▸ **ABOUT THIS EXERCISE**
Please give back only the lines below from the one containing "Sevimli erkek eşcinsel" to the one containing "Then continue folding", each repeated word for word, both ends included.

▸ **DATA PROVIDED**

* * * *

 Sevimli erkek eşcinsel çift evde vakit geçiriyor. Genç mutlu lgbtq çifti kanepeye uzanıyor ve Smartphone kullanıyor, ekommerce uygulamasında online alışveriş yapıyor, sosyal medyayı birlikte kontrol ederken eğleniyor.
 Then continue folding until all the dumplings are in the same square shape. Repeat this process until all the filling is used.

* * * *

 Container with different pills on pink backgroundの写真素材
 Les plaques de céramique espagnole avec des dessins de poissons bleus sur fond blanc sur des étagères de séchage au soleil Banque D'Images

* * * *

▸ **YOUR SOLUTION**
 Sevimli erkek eşcinsel çift evde vakit geçiriyor. Genç mutlu lgbtq çifti kanepeye uzanıyor ve Smartphone kullanıyor, ekommerce uygulamasında online alışveriş yapıyor, sosyal medyayı birlikte kontrol ederken eğleniyor.
 Then continue folding until all the dumplings are in the same square shape. Repeat this process until all the filling is used.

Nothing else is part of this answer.